┌──

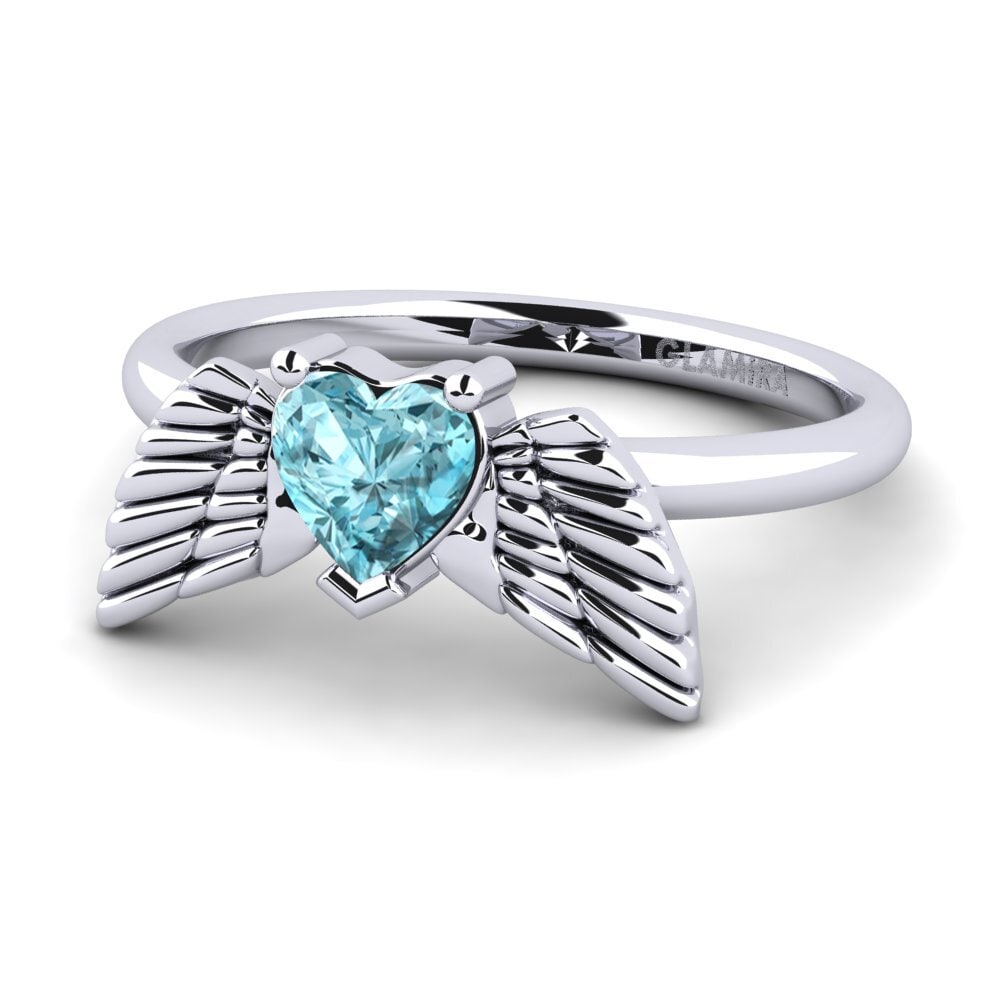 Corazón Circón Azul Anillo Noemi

└──
┌──

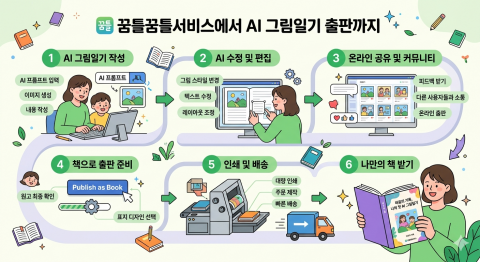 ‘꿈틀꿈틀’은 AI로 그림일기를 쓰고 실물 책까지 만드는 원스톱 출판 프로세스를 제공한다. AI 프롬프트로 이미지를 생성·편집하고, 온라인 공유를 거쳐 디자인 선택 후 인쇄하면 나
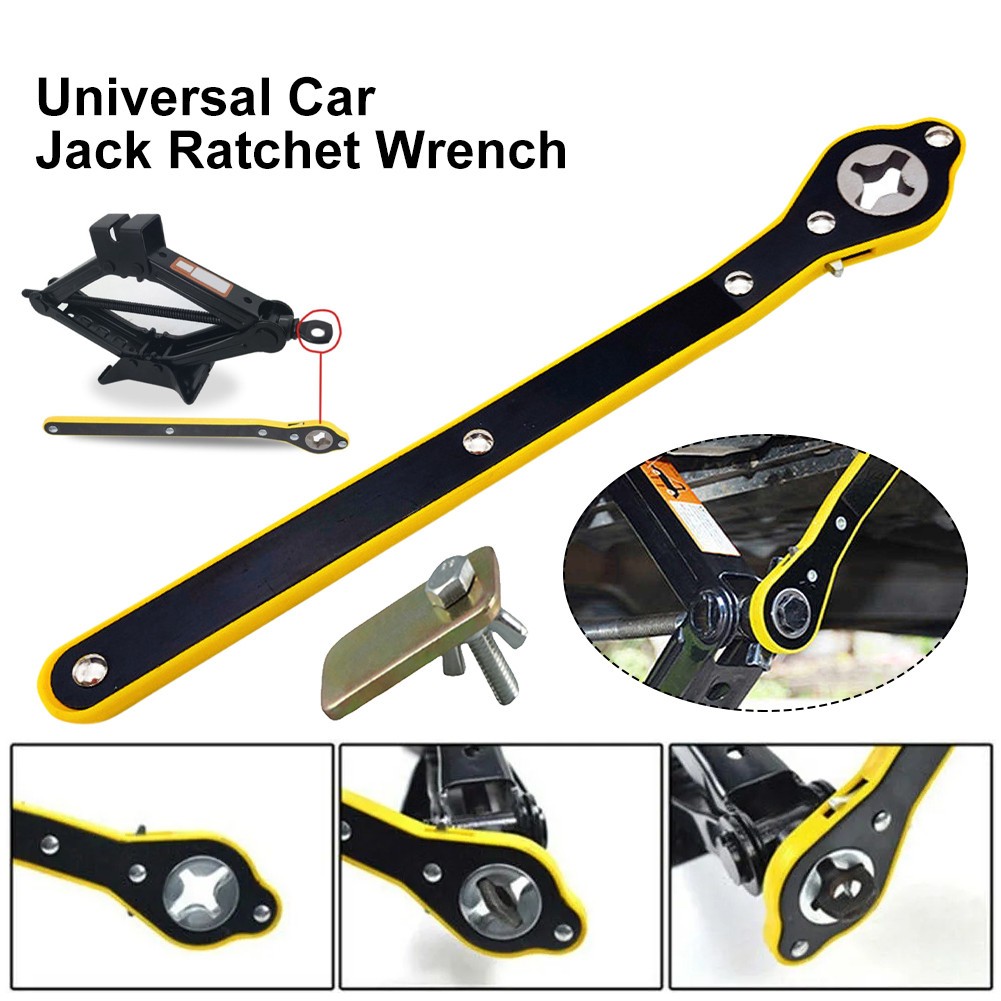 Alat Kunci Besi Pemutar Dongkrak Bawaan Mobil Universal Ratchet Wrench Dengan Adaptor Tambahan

└──
┌──

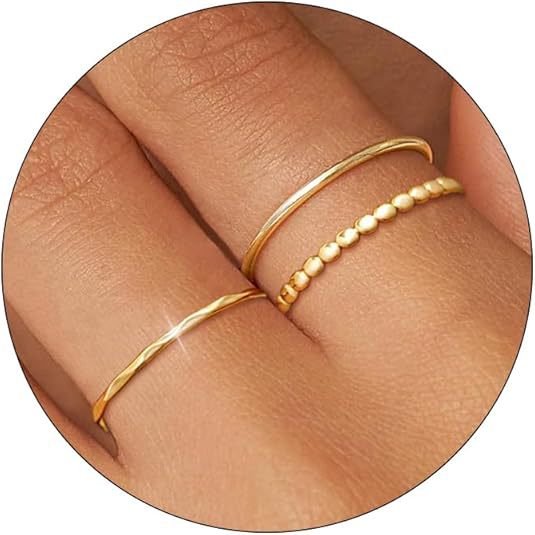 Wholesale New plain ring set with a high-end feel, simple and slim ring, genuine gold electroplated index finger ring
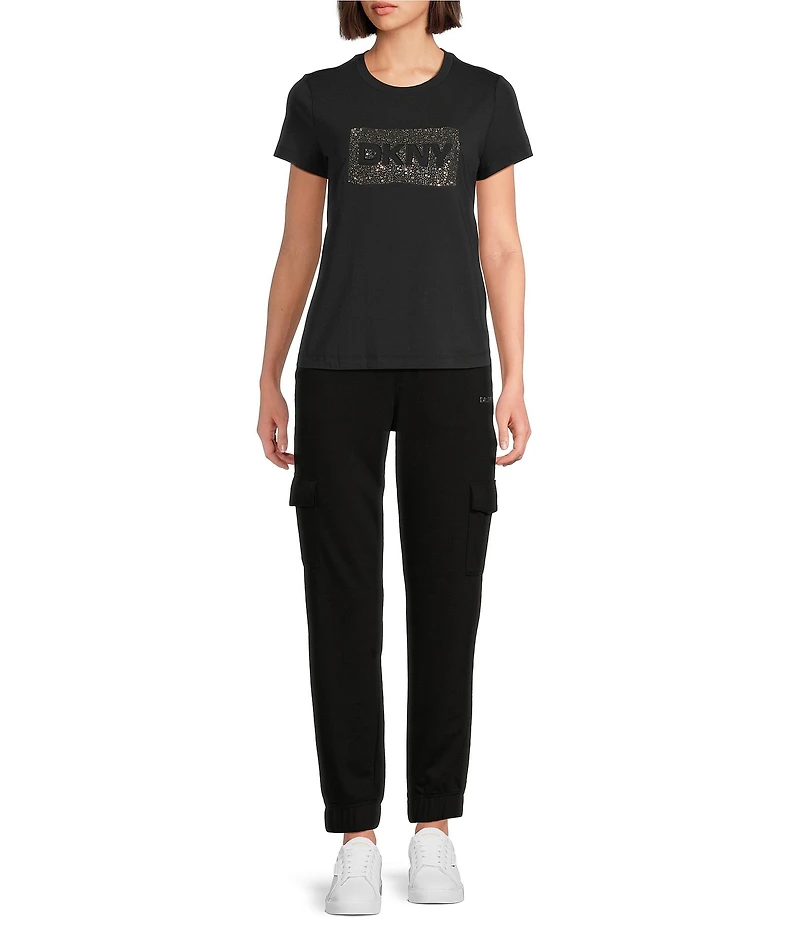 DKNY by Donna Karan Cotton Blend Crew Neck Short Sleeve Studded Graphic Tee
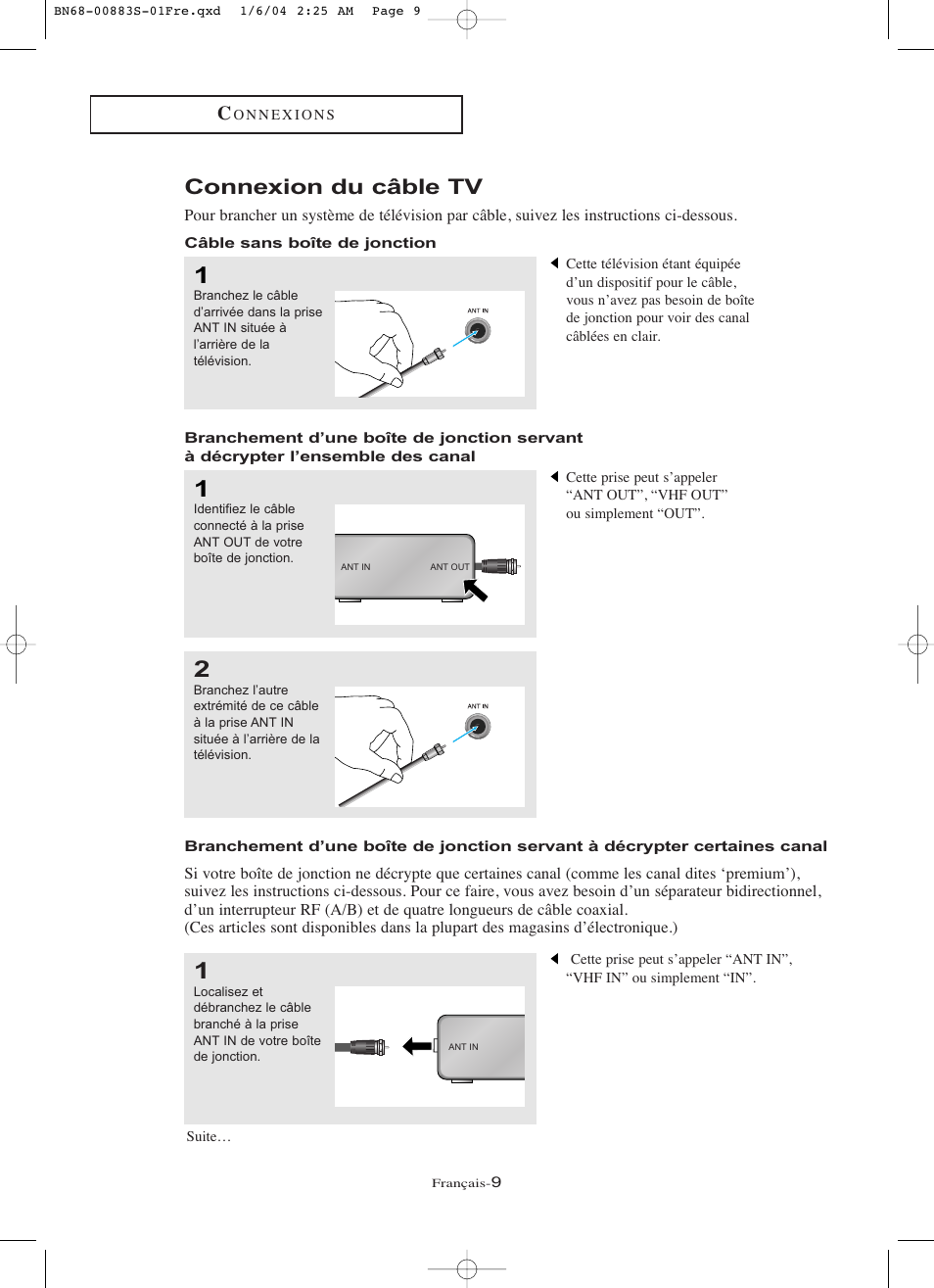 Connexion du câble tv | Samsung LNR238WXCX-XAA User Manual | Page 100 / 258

└──

> Task to complete:
Using the listing above, reproduce word for word every line from the one containing "Wholesale New plain" through the one containing "Connexion du câble". Pictures must be left out.

> Expected answer:
 Wholesale New plain ring set with a high-end feel, simple and slim ring, genuine gold electroplated index finger ring
 DKNY by Donna Karan Cotton Blend Crew Neck Short Sleeve Studded Graphic Tee
 Connexion du câble tv | Samsung LNR238WXCX-XAA User Manual | Page 100 / 258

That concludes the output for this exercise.